Joining Gill on the red carpet were stars including Scottish actor Jack Lowden, who plays Morrissey, and Jessica Brown Findlay, who plays artist and friend Linder Sterling.
Gill said it was a “real honour” to close the festival, which has been celebrating its 70th anniversary after being formed in 1947 alongside the city’s International Festival and Festival Fringe.
He said the biopic, which was not authorised by the singer, was a “passion project” born out of growing up on the same streets.
He told the Press Association: “I grew up in Stretford in Manchester on the same street as Morrissey, The Smiths were my first love and I was always interested in who that voice was coming out of the speakers, especially on his early records.
“Once I started digging you realise there’s a really interesting story there so it is a very personal story for me.
“Every film has to be a passion project to some degree but I think this for me, it’s my first film, I wouldn’t say it was easy but getting to make a film about where I grew up, about something that I loved, it was comforting.”
Asked how he went about making a film about a living music icon, he added: “I think you have to show a great deal of respect.
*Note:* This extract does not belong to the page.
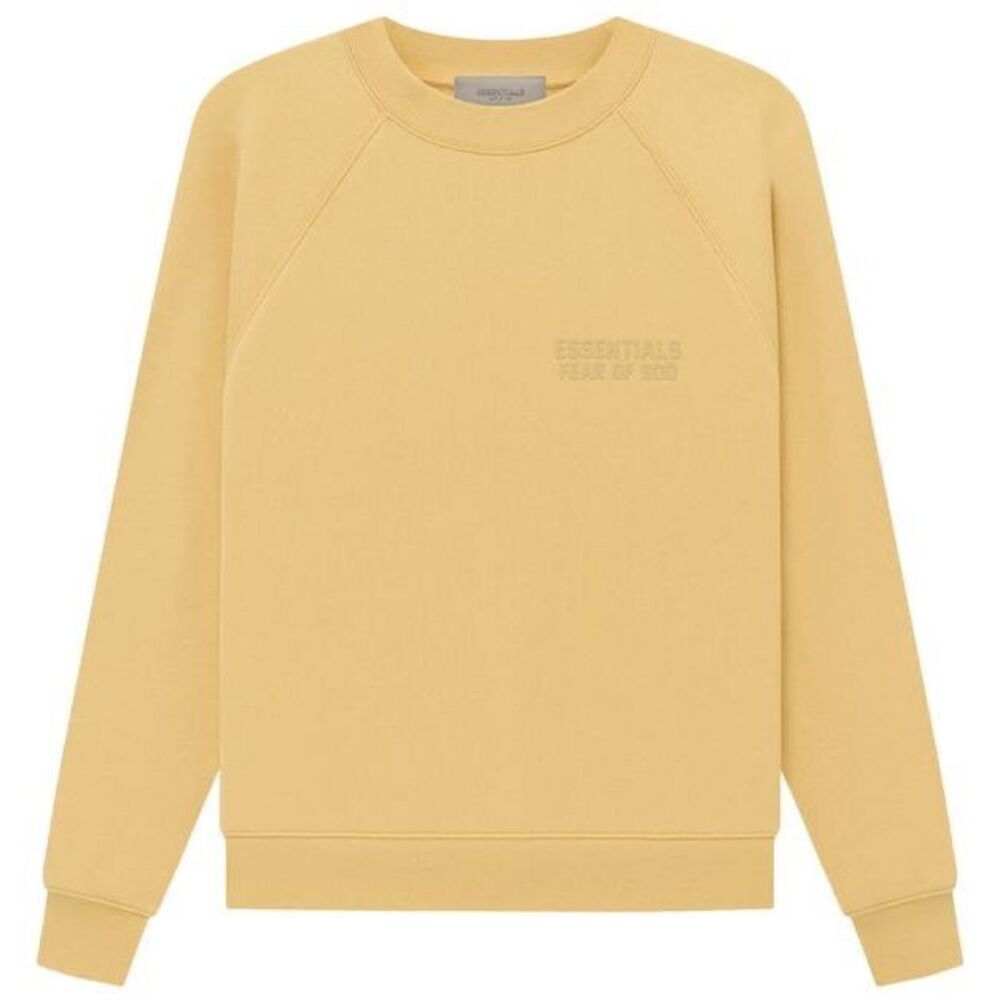 Essentials Fear of God Sweatshirt size XXL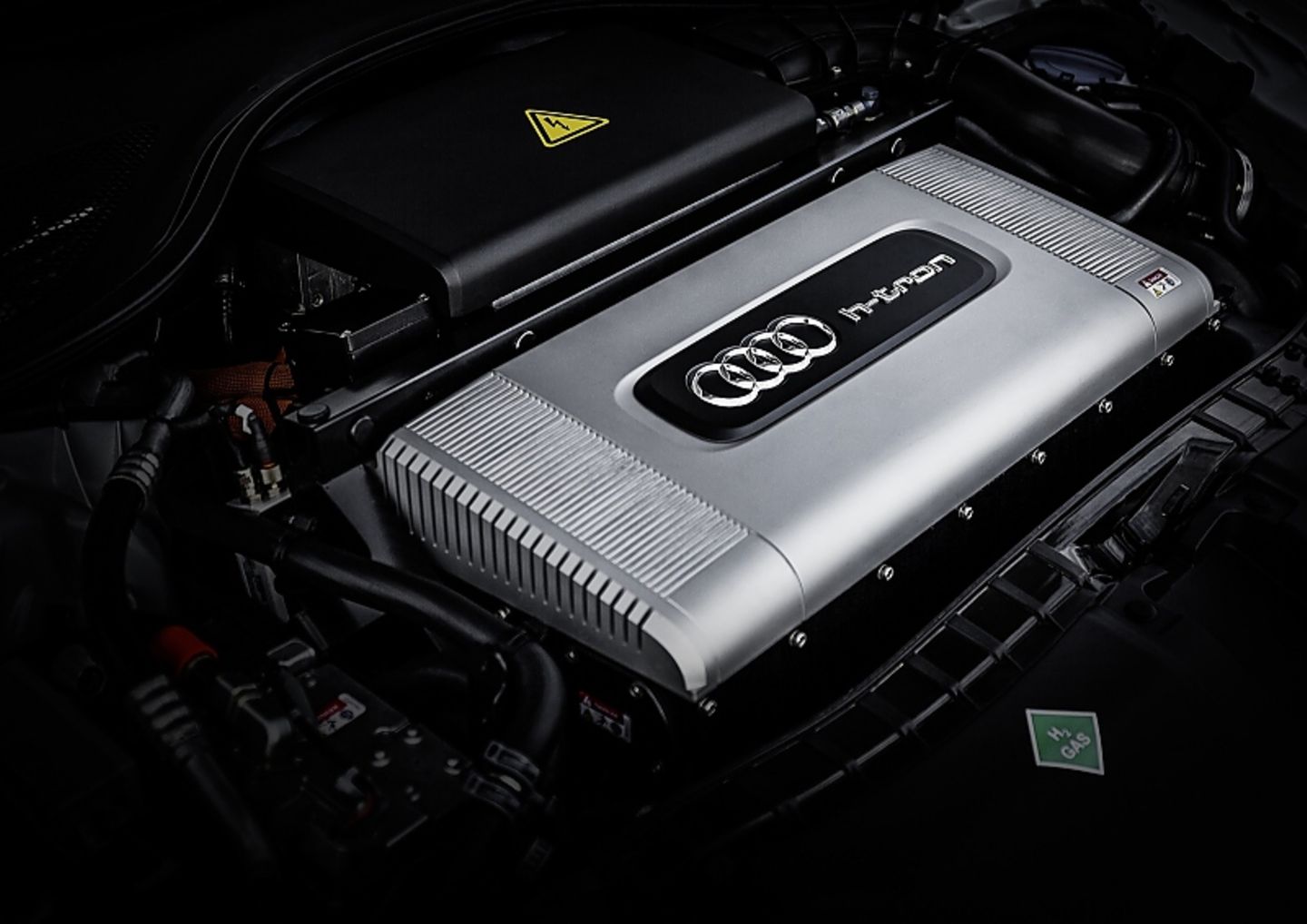 Audi A7 H-Tron Concept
“I think that’s very important and we have tried to be very respectful, but you’re also dealing with a character who comes to life on the page.
“So in that respect that was really exciting to try and develop who he might have been and try and make it more for people beyond the fanbase.”
Lowden, who starred in the BBC’s recent adaption of War And Peace, said it was great to be able to close the festival having grown up about 45 minutes away in the Scottish Borders.
He said he did not know what the singer would make of his portrayal, adding: “I think it’s true to what we had in front of us.
“You forget that it’s Morrissey, that’s how you do it. As soon as you’re aware that he’s iconic then even the way you put on a tie will be iconic. You just need to play a person.”
Findlay, best known as Downton Abbey’s Lady Sybil, said it was “incredible” to be part of the festival’s finale.
She said: “It’s such an honour particularly with a film that’s so dynamic and exciting and sort of full of its own angst, that feels great. I love it here.”
Speaking about Sterling and her friendship with the singer, she added: “What a dream to be able to play a punk, feminist artist. Every word in that sentence is music to my ears, so that felt wonderful.
“What they end up doing is prolific but in that moment they are two people who are scared and excited by the world and they had a meeting of minds and it’s so rare when you meet someone who sparks you off like that creatively, and when you do you can’t let go of it.
“And there is a real force behind Linder seeing that in Steven and I think that’s beautiful and a wonderful way to tell that story.”